Kuki Identity, Land-Use, Authority, and Ethnic-Nationalism in Manipur, India
Author: Kipgen, Ngamjahao , nkipgen@gmail.com
Department: Humanities and Social Sciences (Sociology)
University: Indian Institute of Technology Delhi, India
Supervisor: Dr. Vibha Arora
Year of completion: 2013
Language of dissertation: English
Keywords:
Kuki Identity
, Land-Use
, Ethnic-Nationalism
, Authority
Areas of Research:
Environment and Society
, Racism, Nationalism and Ethnic Relations
, Political Sociology
Abstract
Land and ethnic identity issues have seriously impacted and fuelled ethnic conflict and secessionist movements in Northeast India. Today, Manipur state in Northeast India is not only suffering from innumerable armed ethnic movements but also from a complex ethnic crisis. The main inhabitants comprise the Meitei, the Naga, and the Kuki. The harmonious existence of the state is being threatened as the interests of one group clash with the other. This has given rise to the assertion of group identity, inter-group competition for resources, political instability, insecurity, and underdevelopment. An understanding of the ongoing crisis requires a serious study of the growth (politics) of identity formation and the growth of ethno-nationalism. This thesis explains the growth and process of Kuki identity by drawing largely from historical materials (primary and secondary) and from ethnographic fieldwork.

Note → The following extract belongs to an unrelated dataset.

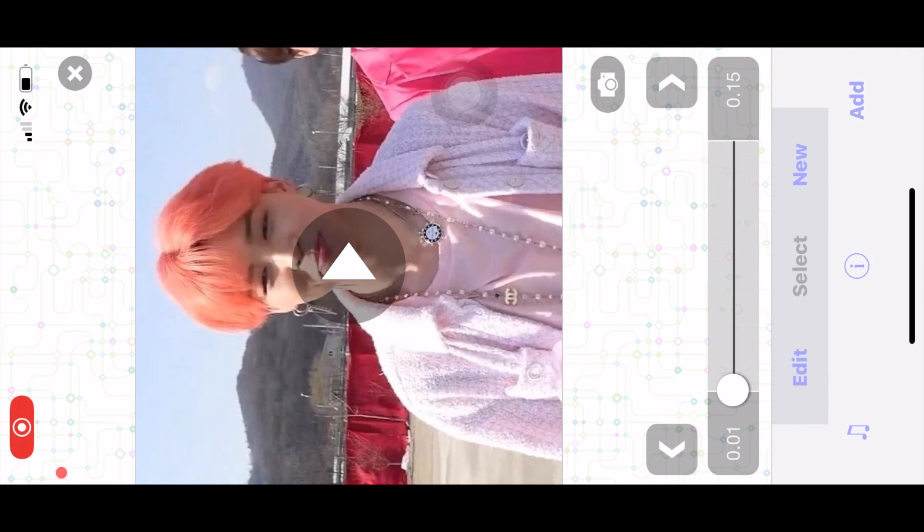Hi everyone, so today I'm going to show you how to add a reflection to your 3D objects, 3D figures, etc. I use it a lot in my tutorials so I figured I'd make an official tutorial for it.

Traditional land use and control over resources has shaped ethnic identity of the Kukis. Land use and control of land is the basic foundation of the social, cultural, economic, and political life of the Kuki tribes. Within a given village territory, traditional values, belief and cultural practices of the Kukis even today regulate their everyday life. Landscapes have become the critical arena for expression of Kuki identity and their ethnic struggles against the Nagas and others in the region. The political economy of land and rituals associated in jhumming shape the Kuki cultural identity. My thesis analyses the political economy of control over land and socio-religious practices connected with it among the Kukis to analyse their politics of identity. Also, the socio-cultural practices connected to their land use have been recently revived and politicized in order to organise their ethnic-nationalism. I conclude by raising the need for safeguarding their ethnic distinctiveness and addressing their aspirations for territorial autonomy or Kuki homeland within the Indian federalism.